Treating Patients with Addictions with the Respect and Honor they Deserve

addiction treatmentSo many of my patients come to me with my business card in hand. The card is very worn and old, frayed at the corners and dirty. I ask them how long they have had it and they will often respond: “Ive had your card for 6 months, just never had the courage to call you and get in”. When I ask why they usually tell me that they have been to many other doctors and have been treated very poorly simply for having addictions. They are treated with suspicion and often kicked out of the practice as soon as the doctor becomes aware of their addiction.

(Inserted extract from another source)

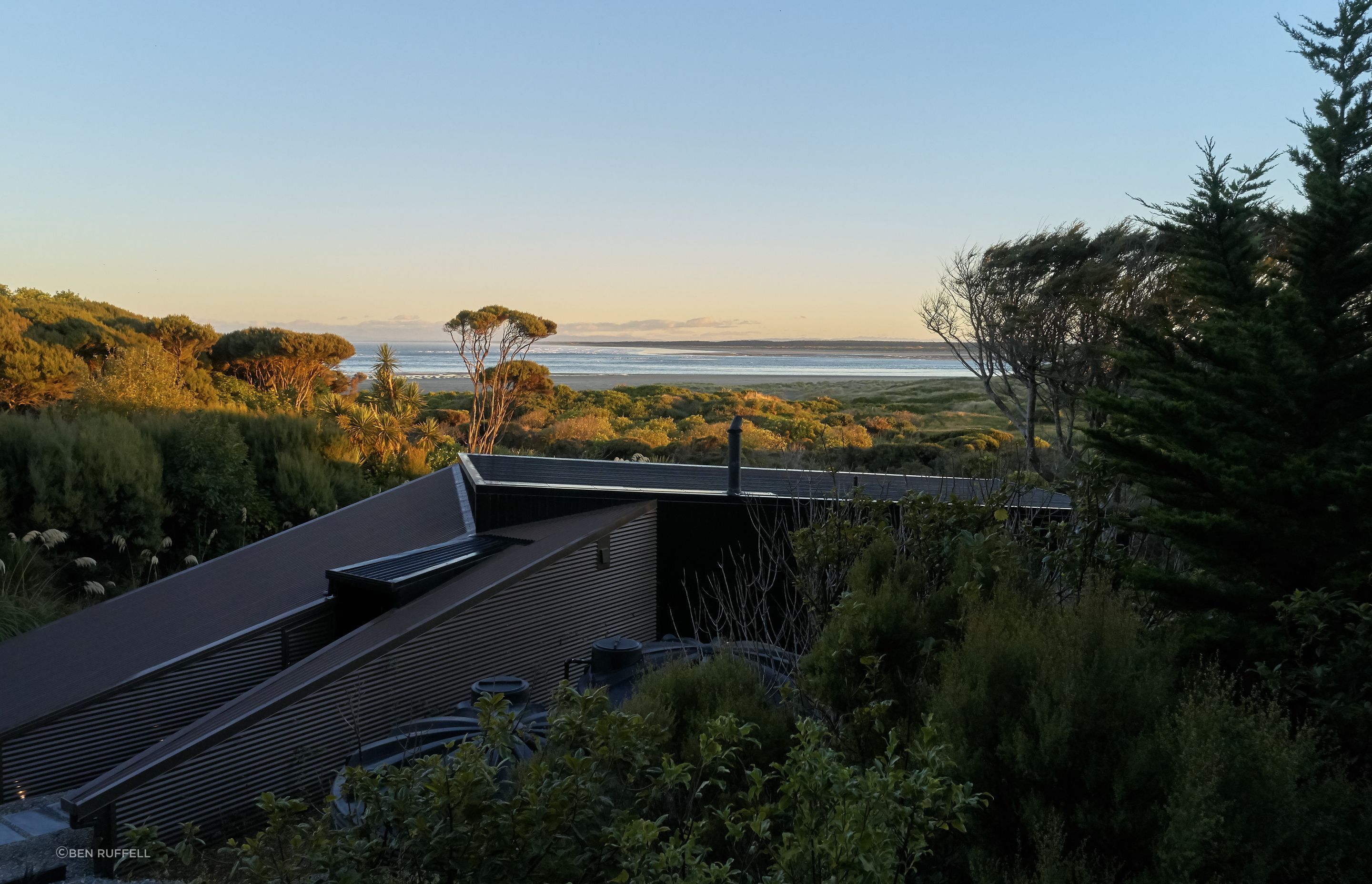 The small coastal village is on the lower edges of New Zealand's South Island.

As a medical community we have often “created” these addictions in patients by over prescribing pain killers and tranquilizers and then we treat them like lepers when they become addicted to the very medications they were prescribed. So many patients will tell me that their addictions really started as a simple problem like an ankle sprain and when they were prescribed long durations of pain killers realized that these medications also helped them with their anxiety and life stressors. They initially thought taking a few here and there just for very stressful times wouldnt hurt but then when they became tolerant and dependent they then realized that they had become addicted and couldnt stop. What follows is usually a feeling of shame and guilt that they got themselves into this predicament in the first place and then avoid seeking medical care because of the shame.

Why do we treat patients with addictions so poorly? Do we chastise, shame and berate patients who become obese from eating too many cheeseburgers because of their stress? Do we chastise, shame and berate patients that become diabetics simply because they stress eat their way into diabetes from too many oreos? Do we berate diabetics when they relapse with ice cream once in a while? Do we kick out a patient who comes to us and admits to eating 3 cheeseburgers / week while on cholesterol medications??

Are we really so ignorant and naive to believe that patients with diseases of the brain (only the most important organ in the body) are somehow not deserving of respectful care while patients with diseases of the pancreas and liver deserve better care?? Why is there absolutely no training in medical schools about the disease of the brain called addiction? I became fully board certified in a specialty by the American Society of Addiction Medicine (ASAM) thru 10 years of SELF-training, patient experiences and self directed learning. ASAM is truly the only entity that understands addiction. Addiction medicine became fully recognized as its own specialty just this year, 2017 !!! How is it that we fully recognize all diseases of the body except the really serious ones that affect the “hard drive” of the body??? We’ve come a very long way in recognizing addiction as a true disease.